# [WORK TO BE COMPLETED]
Output exactly the lines below from the one containing "Hoppes DLX Pistol Cleaning Kit Orange" to the last line, both included. Omit pictures.

# [SUPPLIED INFORMATION]

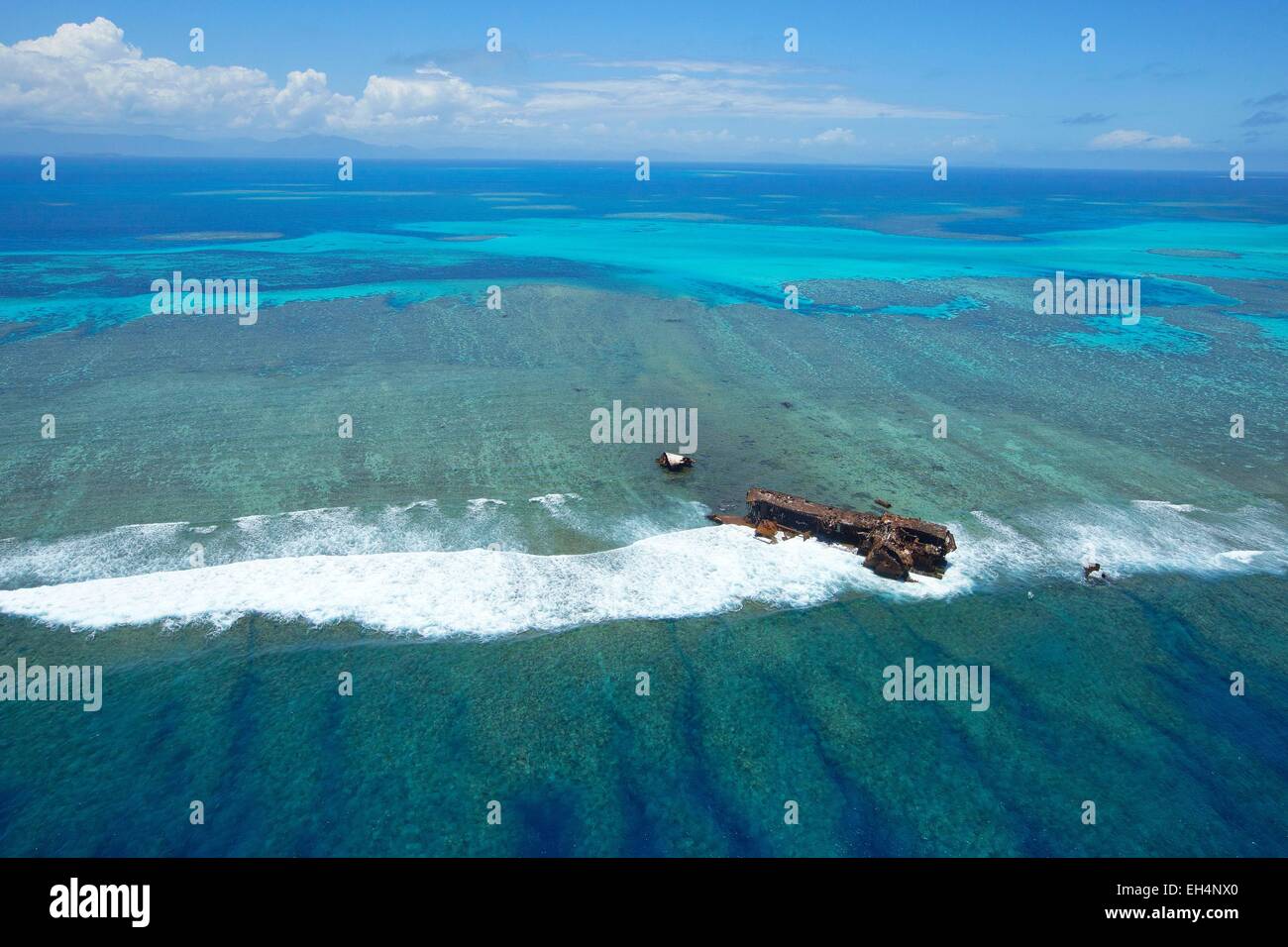 France, New Caledonia, Southern Province, Noumea, Grand Reef Abore ...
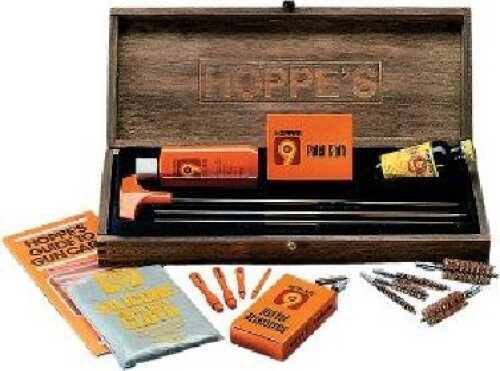 Hoppes DLX Pistol Cleaning Kit Orange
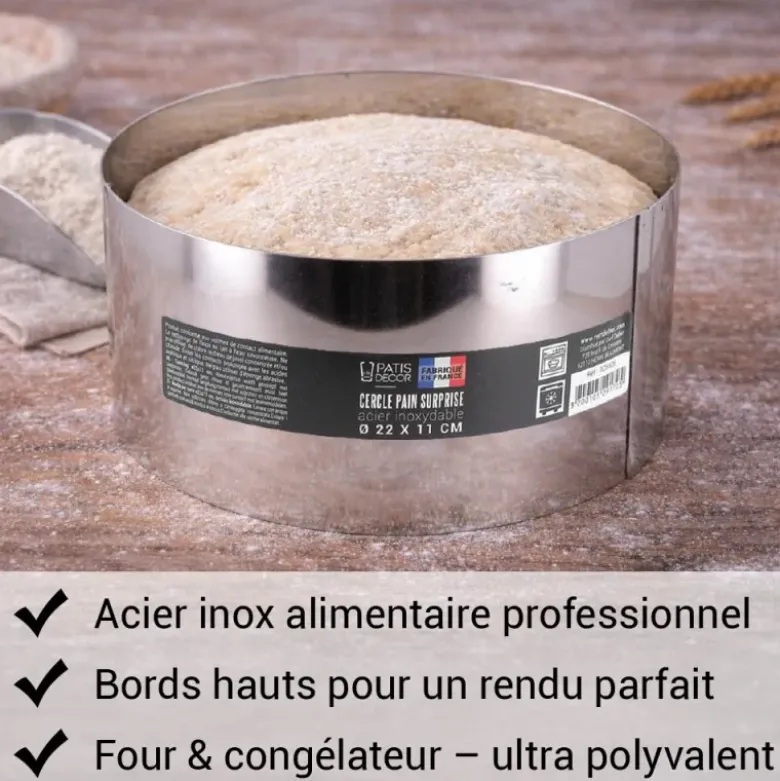 Kit de préparation de pain surprise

# [THE COMPLETED TASK]
 Hoppes DLX Pistol Cleaning Kit Orange
 Kit de préparation de pain surprise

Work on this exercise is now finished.